=== What to do ===
After locating the line that contains "Eishockeyspieler auf dem" in the data below, set down exactly that line and each one after it through the line that contains "in Muntinlupa, Philippine­s.", and nothing more.

Saved data entries:
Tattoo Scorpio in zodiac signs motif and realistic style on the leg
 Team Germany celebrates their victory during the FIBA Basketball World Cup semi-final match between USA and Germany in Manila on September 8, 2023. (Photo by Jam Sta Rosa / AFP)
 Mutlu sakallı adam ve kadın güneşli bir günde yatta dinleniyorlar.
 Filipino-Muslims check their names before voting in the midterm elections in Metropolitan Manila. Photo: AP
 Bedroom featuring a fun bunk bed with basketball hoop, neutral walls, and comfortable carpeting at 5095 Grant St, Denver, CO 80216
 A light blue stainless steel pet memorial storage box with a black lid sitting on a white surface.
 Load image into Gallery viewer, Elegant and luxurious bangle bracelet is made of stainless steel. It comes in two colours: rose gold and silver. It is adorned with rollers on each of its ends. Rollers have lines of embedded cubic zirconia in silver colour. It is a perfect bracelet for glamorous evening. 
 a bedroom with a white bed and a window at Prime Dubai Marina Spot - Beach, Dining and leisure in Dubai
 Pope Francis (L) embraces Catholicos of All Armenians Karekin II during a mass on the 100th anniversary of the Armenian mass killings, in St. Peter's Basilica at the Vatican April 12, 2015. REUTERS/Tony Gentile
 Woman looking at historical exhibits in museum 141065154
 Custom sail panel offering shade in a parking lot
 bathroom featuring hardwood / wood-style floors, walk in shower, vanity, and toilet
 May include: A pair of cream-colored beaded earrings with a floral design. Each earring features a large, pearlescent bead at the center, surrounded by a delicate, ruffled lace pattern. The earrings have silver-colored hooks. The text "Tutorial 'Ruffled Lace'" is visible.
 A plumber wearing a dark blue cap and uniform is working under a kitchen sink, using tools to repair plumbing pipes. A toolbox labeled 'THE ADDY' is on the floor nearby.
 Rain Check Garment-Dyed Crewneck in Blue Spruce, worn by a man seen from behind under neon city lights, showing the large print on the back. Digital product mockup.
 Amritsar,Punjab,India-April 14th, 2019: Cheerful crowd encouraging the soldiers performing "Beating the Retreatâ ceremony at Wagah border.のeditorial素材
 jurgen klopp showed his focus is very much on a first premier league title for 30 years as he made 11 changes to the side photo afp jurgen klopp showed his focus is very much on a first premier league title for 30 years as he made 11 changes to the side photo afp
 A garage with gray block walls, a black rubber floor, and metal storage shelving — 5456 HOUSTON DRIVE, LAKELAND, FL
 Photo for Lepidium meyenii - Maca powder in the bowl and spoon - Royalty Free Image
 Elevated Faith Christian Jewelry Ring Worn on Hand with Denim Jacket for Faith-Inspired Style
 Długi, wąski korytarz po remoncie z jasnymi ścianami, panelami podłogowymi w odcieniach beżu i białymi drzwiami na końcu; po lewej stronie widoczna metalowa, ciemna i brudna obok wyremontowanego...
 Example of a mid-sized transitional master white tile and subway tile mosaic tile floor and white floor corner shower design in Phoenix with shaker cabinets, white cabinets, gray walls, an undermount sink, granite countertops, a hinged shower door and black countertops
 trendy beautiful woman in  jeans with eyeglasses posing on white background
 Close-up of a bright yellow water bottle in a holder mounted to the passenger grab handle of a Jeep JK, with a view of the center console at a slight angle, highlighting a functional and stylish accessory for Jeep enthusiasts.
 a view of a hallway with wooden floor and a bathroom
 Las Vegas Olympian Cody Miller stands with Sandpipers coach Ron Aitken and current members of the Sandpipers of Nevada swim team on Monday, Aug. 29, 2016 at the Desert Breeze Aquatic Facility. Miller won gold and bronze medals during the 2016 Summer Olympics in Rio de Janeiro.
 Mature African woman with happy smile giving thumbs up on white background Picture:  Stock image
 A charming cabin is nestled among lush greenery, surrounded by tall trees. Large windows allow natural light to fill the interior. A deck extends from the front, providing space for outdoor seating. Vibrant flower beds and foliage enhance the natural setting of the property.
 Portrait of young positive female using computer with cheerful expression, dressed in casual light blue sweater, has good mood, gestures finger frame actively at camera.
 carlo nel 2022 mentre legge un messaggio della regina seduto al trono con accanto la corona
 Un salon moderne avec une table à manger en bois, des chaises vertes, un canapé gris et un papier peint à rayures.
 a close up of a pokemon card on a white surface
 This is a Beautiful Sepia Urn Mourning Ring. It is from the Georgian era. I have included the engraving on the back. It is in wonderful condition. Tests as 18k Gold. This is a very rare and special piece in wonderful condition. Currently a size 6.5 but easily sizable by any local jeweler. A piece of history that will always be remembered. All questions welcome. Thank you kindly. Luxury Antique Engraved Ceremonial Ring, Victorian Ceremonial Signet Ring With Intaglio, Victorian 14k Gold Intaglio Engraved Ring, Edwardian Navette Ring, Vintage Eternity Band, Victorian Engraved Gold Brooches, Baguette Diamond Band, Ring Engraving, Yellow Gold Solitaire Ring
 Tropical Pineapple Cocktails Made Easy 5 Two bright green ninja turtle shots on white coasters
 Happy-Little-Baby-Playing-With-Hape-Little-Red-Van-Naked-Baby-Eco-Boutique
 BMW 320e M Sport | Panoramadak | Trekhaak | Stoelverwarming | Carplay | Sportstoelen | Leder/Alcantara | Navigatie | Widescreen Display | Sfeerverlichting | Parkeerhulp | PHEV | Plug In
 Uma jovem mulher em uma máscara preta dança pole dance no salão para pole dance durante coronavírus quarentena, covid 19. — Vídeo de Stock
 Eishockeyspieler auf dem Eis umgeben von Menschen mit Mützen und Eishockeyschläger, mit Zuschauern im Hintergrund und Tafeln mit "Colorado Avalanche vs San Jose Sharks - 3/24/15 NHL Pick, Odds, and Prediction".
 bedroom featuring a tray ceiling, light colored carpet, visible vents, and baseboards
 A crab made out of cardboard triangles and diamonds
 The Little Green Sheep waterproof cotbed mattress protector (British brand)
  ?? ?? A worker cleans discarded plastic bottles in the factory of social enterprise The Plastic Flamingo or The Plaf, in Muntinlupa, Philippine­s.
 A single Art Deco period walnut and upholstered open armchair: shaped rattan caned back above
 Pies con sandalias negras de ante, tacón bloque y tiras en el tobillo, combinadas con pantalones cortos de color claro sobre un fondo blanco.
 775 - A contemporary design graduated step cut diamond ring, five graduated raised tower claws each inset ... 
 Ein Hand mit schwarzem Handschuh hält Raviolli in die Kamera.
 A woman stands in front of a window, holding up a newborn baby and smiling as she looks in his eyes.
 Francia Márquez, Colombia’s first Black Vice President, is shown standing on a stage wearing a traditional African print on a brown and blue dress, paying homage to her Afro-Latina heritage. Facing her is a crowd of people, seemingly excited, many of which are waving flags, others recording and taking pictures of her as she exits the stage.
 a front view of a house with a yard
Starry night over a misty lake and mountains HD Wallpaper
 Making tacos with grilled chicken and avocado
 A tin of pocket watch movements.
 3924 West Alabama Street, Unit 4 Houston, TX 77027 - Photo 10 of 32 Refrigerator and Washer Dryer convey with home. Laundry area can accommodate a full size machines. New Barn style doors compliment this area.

=== Answer section ===
 Eishockeyspieler auf dem Eis umgeben von Menschen mit Mützen und Eishockeyschläger, mit Zuschauern im Hintergrund und Tafeln mit "Colorado Avalanche vs San Jose Sharks - 3/24/15 NHL Pick, Odds, and Prediction".
 bedroom featuring a tray ceiling, light colored carpet, visible vents, and baseboards
 A crab made out of cardboard triangles and diamonds
 The Little Green Sheep waterproof cotbed mattress protector (British brand)
  ?? ?? A worker cleans discarded plastic bottles in the factory of social enterprise The Plastic Flamingo or The Plaf, in Muntinlupa, Philippine­s.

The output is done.